Short web captions:

┄┄┄┄┄┄

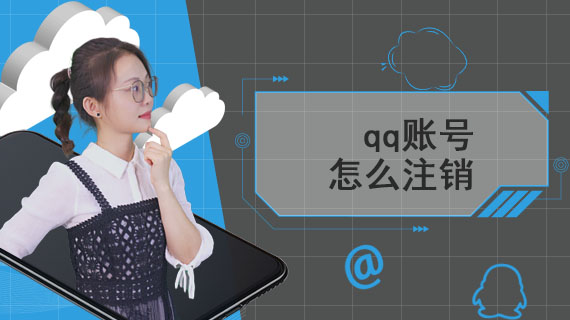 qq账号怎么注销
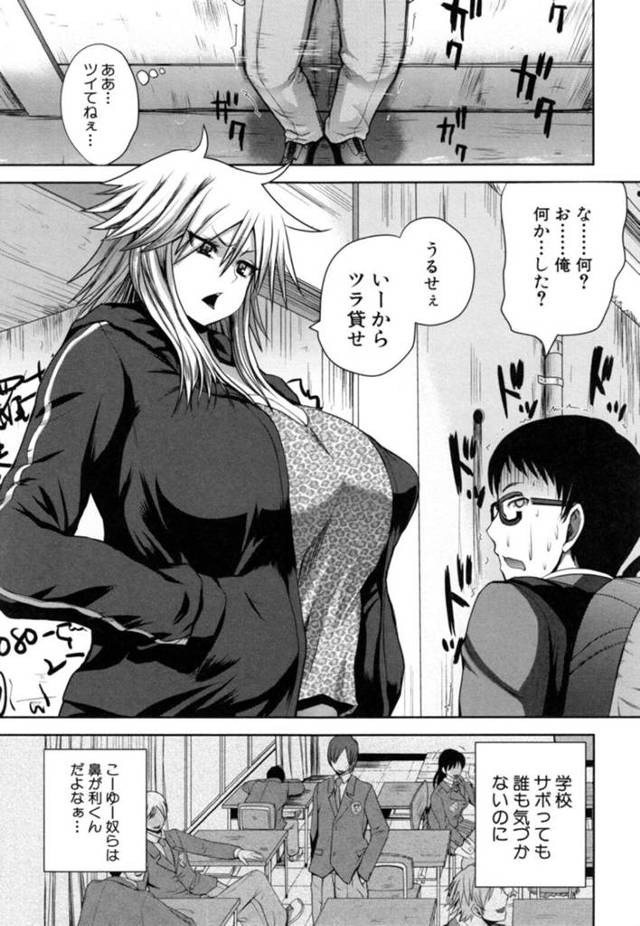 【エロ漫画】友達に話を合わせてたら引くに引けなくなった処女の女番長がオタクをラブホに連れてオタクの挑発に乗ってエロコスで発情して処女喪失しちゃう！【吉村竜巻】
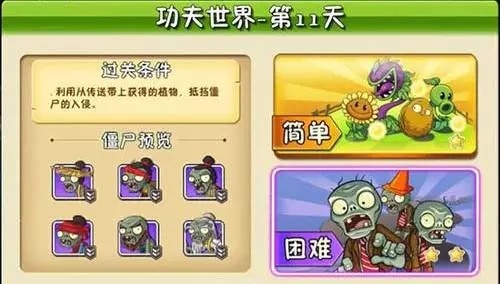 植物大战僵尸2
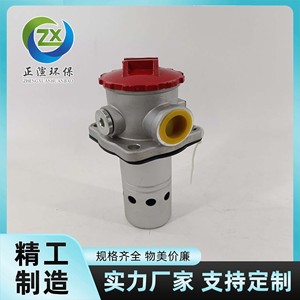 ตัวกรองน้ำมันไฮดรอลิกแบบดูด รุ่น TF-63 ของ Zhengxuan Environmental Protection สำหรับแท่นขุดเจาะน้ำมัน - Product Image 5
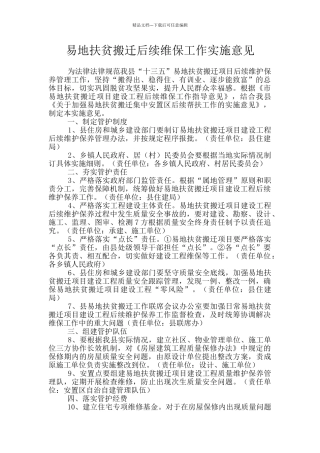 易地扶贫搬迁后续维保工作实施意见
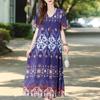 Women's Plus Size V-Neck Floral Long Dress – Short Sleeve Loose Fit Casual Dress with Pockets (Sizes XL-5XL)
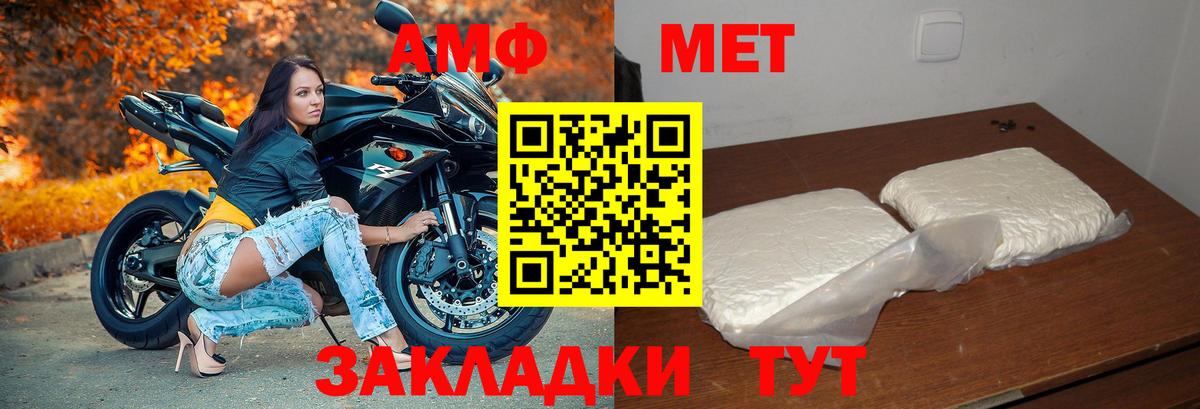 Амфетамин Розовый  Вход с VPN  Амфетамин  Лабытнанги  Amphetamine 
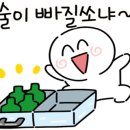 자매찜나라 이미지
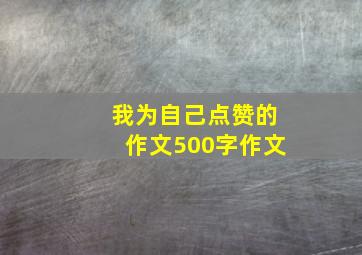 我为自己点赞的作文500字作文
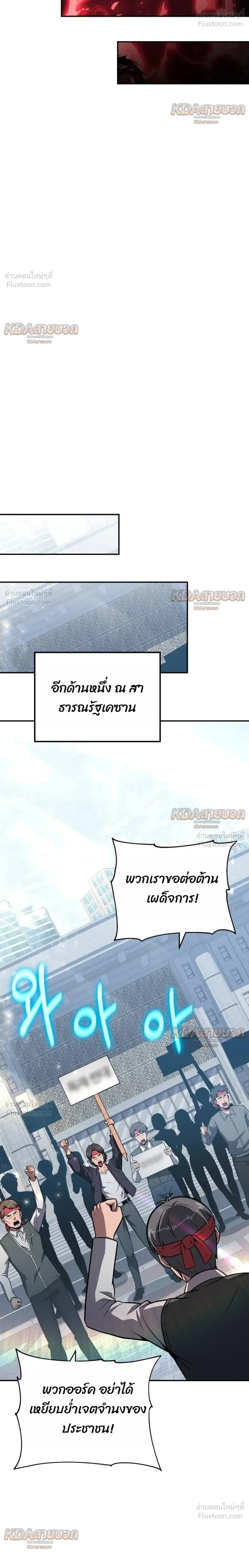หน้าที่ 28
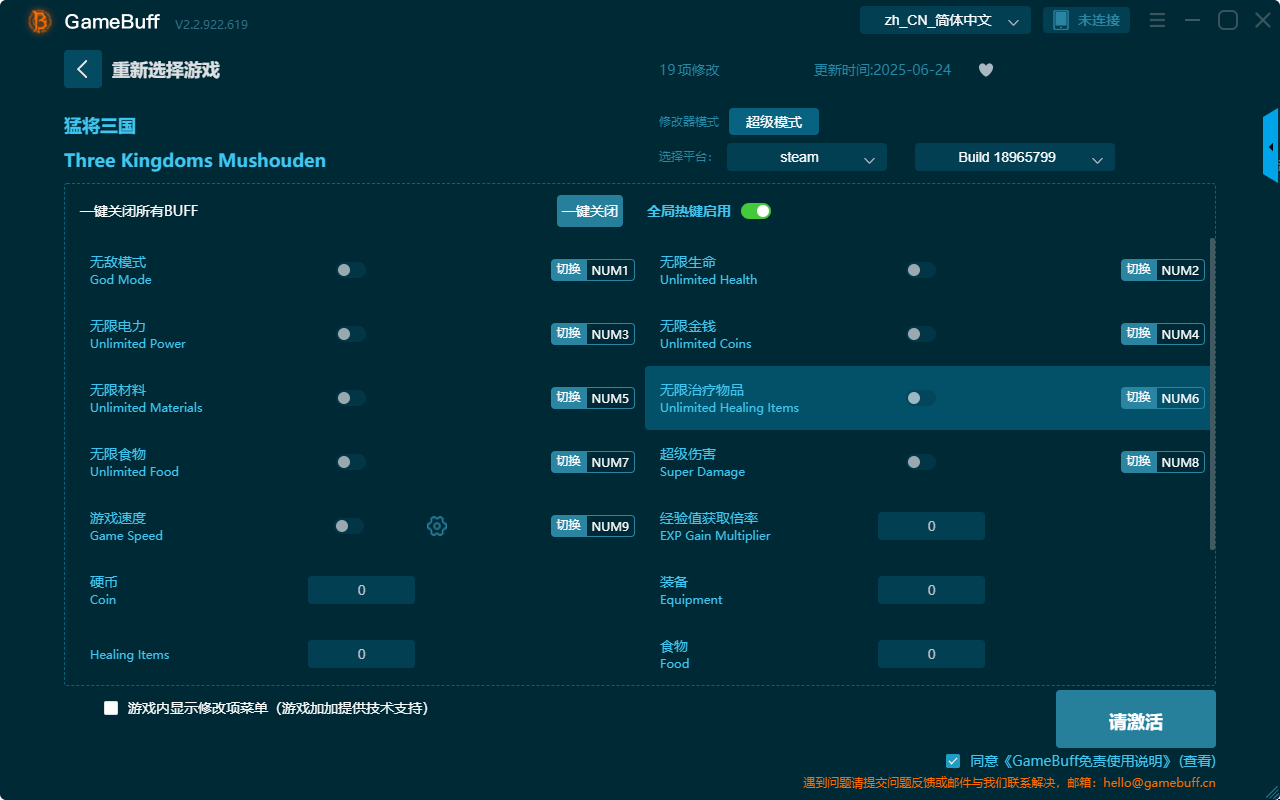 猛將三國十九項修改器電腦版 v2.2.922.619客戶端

┄┄┄┄┄┄

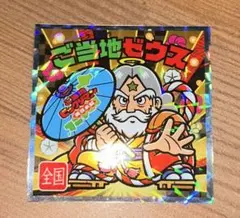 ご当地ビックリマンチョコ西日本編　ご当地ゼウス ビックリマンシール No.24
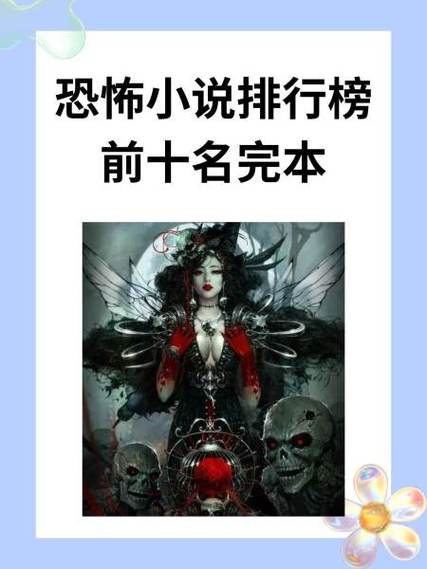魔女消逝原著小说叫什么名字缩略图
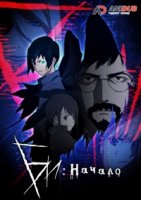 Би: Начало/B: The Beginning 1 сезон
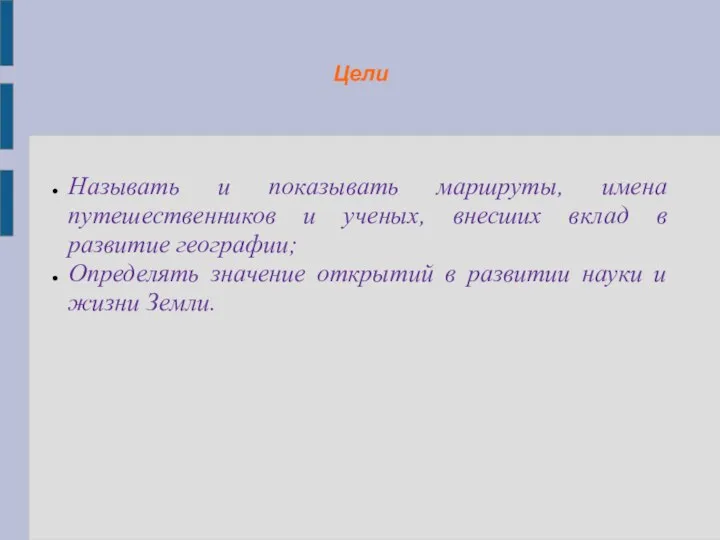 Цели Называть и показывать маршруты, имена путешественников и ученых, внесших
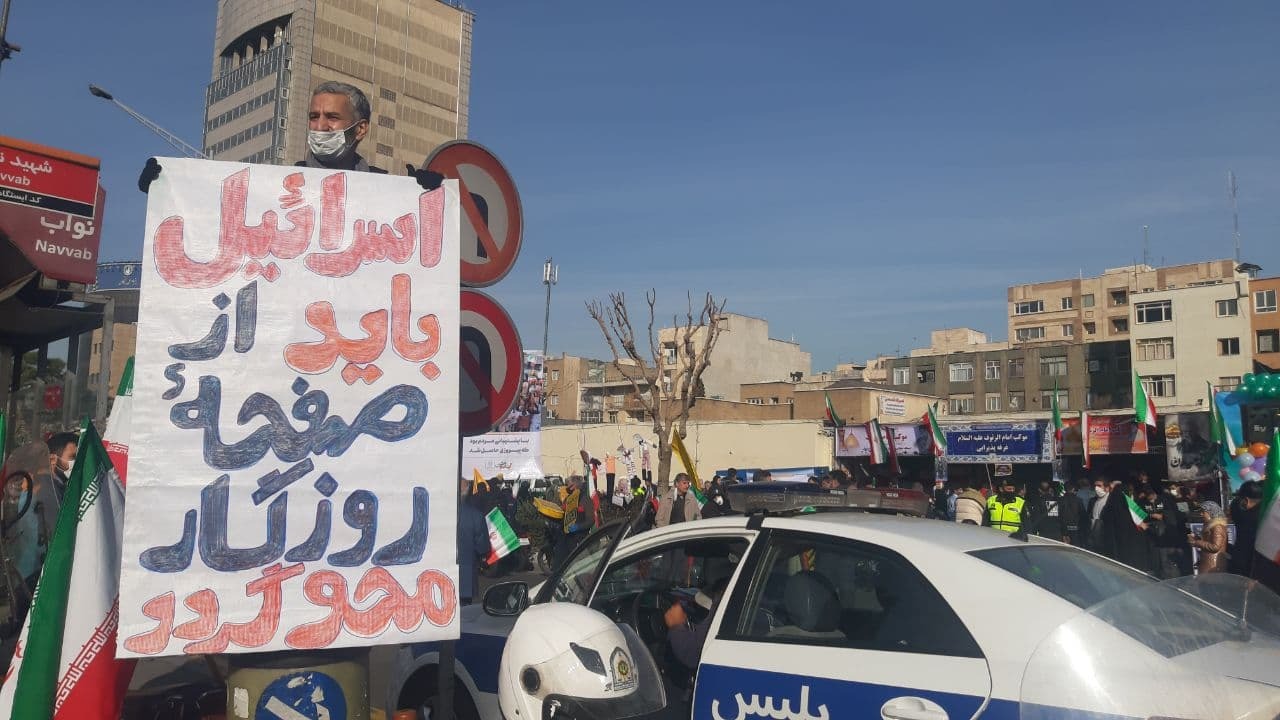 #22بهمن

┄┄┄┄┄┄

## EXERCISE GOAL
Without the pictures, set down the lines above from the line with "Women's Plus Size" up to and including the line with "猛將三國十九項修改器電腦版 v2.2.922.619客戶端" exactly as they stand.

## RESULT FOR THIS TASK
 Women's Plus Size V-Neck Floral Long Dress – Short Sleeve Loose Fit Casual Dress with Pockets (Sizes XL-5XL)
 Амфетамин Розовый  Вход с VPN  Амфетамин  Лабытнанги  Amphetamine 
 자매찜나라 이미지
 我为自己点赞的作文500字作文
หน้าที่ 28
 猛將三國十九項修改器電腦版 v2.2.922.619客戶端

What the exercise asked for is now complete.